Milton Keynes was planned as a new town in the late 1950s, the idea being to alleviate congestion in London, forty-five miles to its south east. It was formally designated in January 1967.
I have a mild obsession with the cultural concept known as received wisdom. Received wisdom refers to assertions which we, unquestioningly, just take to be true. Assertions that passively get passed from one generation to the next without ever being challenged as to their veracity. “Wings are rubbish, Yoko Ono broke up The Beatles, you’ll get stabbed in Limerick, the midlands is a cultural wasteland.” You know the type of thing.
Milton Keynes being a kip is another. In popular culture MK has become synonymous with soulless monolithic urban sterility but nothing, it seems, could be further from the truth. These Keynesian musings of mine were prompted by the recent and quite brilliant BBC4 (where else?) documentary programme on the town, Milton Keynes and Me by Richard Macer.
Macer grew up in Milton Keynes, left at 18 and returned to live in his parents’ house to make the programme and to try to establish what this planned town is like now, fifty years on from its creation.

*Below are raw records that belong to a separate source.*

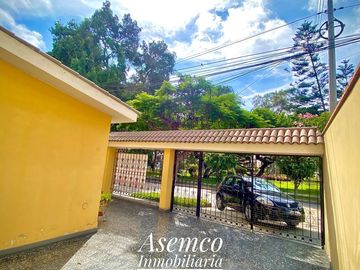 ¡Ocasión! Surco, en Venta Casa Frente a Parque con Jardín y Terraza - 200 m²-  3 Pisos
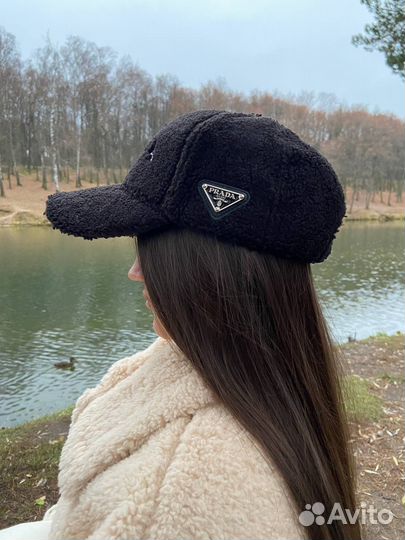 Кепка / Бейсболка Prada теплая зимняя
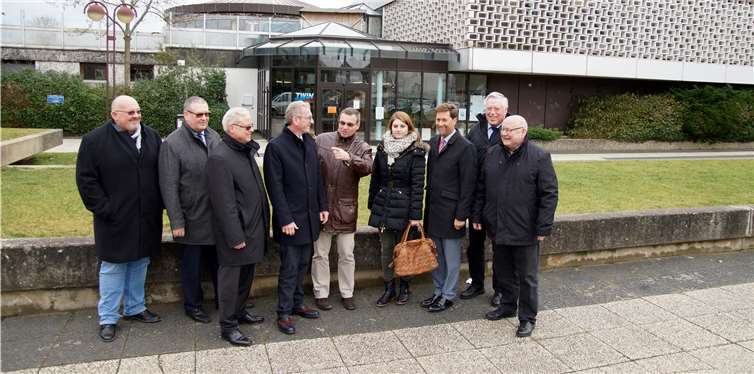 V.l. Frank Jeu, Peter Bewald, Christoph Kiel, Guido Orten, Horst Dies, Aileen Odenkirchen, Detlef Odenkirchen, Gert Faul und Dieter Brand besuchen den alten und neuen Standort des Twin.Privat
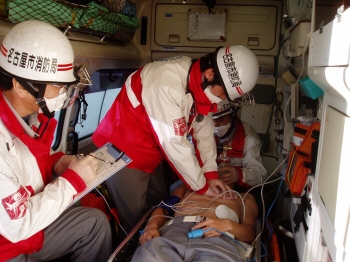 救急隊の活動の写真
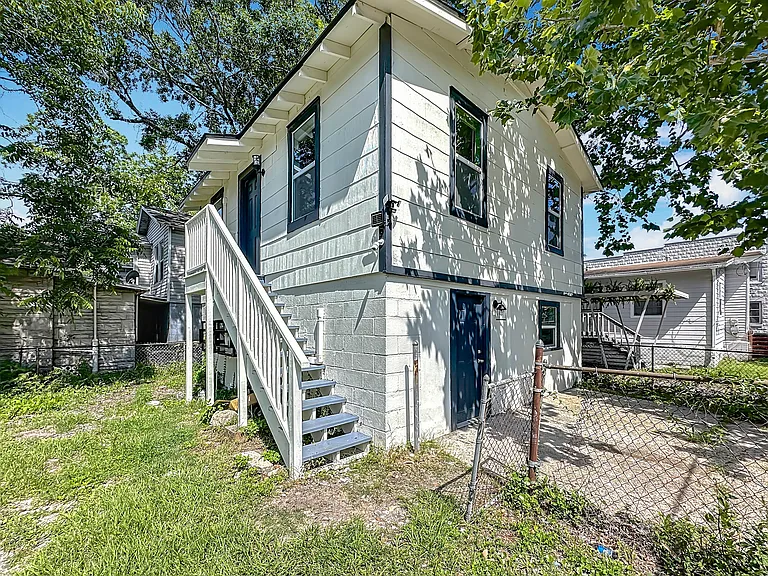 844 Tyler St — Photo 15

A teenager is not going to notice all that much about the social and cultural significance of his or her home town so it takes the space created by the intervening thirty years to provide the proper perspective from which he can appraise the place.
What he finds is that far from being a laughing stock famous for its proliferation of roundabouts and concrete sculptures MK is one of the most successful experiments ever in ambitious social engineering. It has one of the fastest growing economies in the country and huge approval ratings from its residents.
The new city was a place of high ideals. People would live in a world that was green and spacious and where, according to the master plan, “no building would be taller than the tallest tree”. MK attracted some of the best architects of their day and it now boasts the only listed shopping centre in the country. That’s right, a listed shopping centre.
A drive through MK today shows just how the original promise has been delivered upon. The streetscapes are verdant and full, the town centre teems with people, the housing stock is arranged in a logical, intuitive way. In January 2015, it was announced that Milton Keynes had seen the highest growth in job numbers of the biggest 64 towns and cities in the UK during the preceding decade. Milton Keynes saw its number of jobs increase by 18.2 per cent between 2004 and 2013, followed by London on 17.1 per cent. And another nice statistic; between 1967 and 2006 the MK Development Corporation oversaw the planting of 20 million tress within its jurisdiction. 20 million trees.
It might not chime with the received narrative, but Milton Keynes, the planned town, is a roaring success and a great place to live.
Planning, eh? Managed development? Futureproofing? Down with that sort of thing.